Title: Gay Culture in America - Essays from the Field Author: Gilbert Herdt Published by: Beacon Press, 1992 ISBN: 0-8070-7914-6 [Hardcover, 255 pages]
More than twenty years ago the famous stonewall riot sparked a cultural revolution that transformed gay lives. From the secretive bars emerged a community that now embraces not only a "gay" identity but also a system of rules, attitudes, and beliefs from which the culture of gay men is made.In this ground breaking anthology, contributors explore the diverse meanings and themes of "gay" in Amercan life.

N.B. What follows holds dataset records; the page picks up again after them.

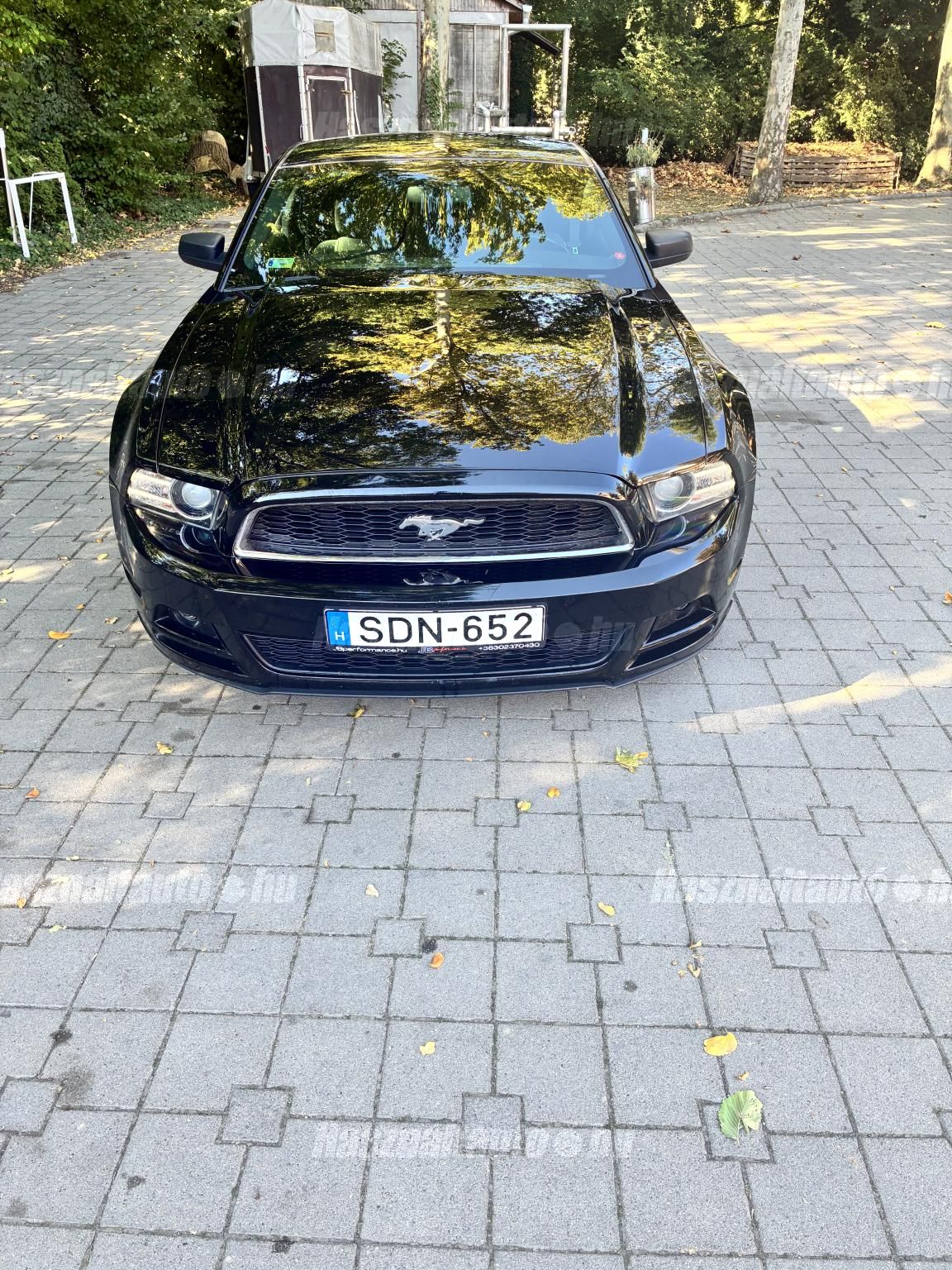 FORD MUSTANG 2014/12 - 1
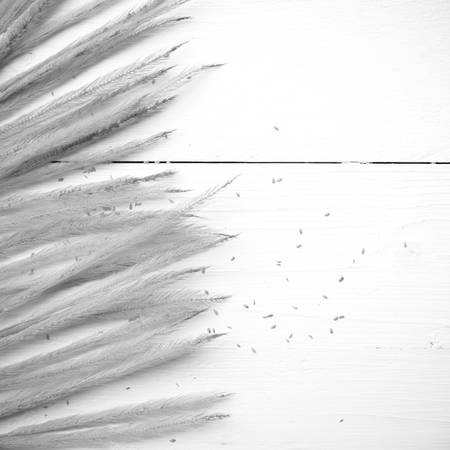 wheat on white table black and white colorの写真素材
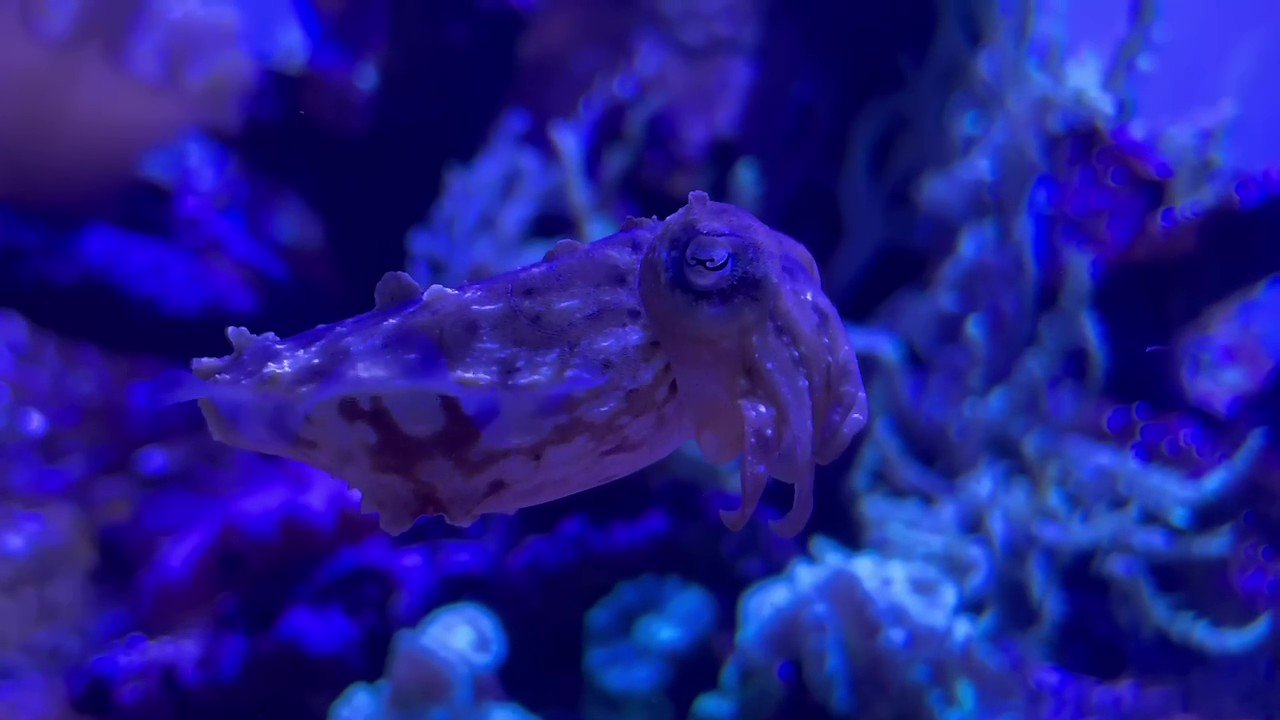 a-cute-dwarf-cuttlefish-sepia-bandensis-using-it-2023-11-27-05-22-21-utc - Copy - frame at 0m4s.jpg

Across different ethnic, age, and regional groups, they record the new institutions, roles, symbols, and myths in gay culture.
Gil Herdt explores the coming out process of gay youth in Chicago; Martin Levine traces the effects of AIDS on the "clone" community in New York; Frederick Lynch looks at suburban gay men; and Joseph Carrier offers a portrait of a gay Mexican-American man. Other essays examine the relationship between younger and older gay men, and between gay men and the American values of individualism, freedom, and community.
While scholars in the past have been obsessed with the abuses of homosexuality, the contributors here ask instead what is authentic in gay men's lives. In all these essays they are interested in the legitimacy of the gay experience, in both its public and its personal dimensions, as they show how gay culture is a perspective not just on sexuality but on human nature and the world.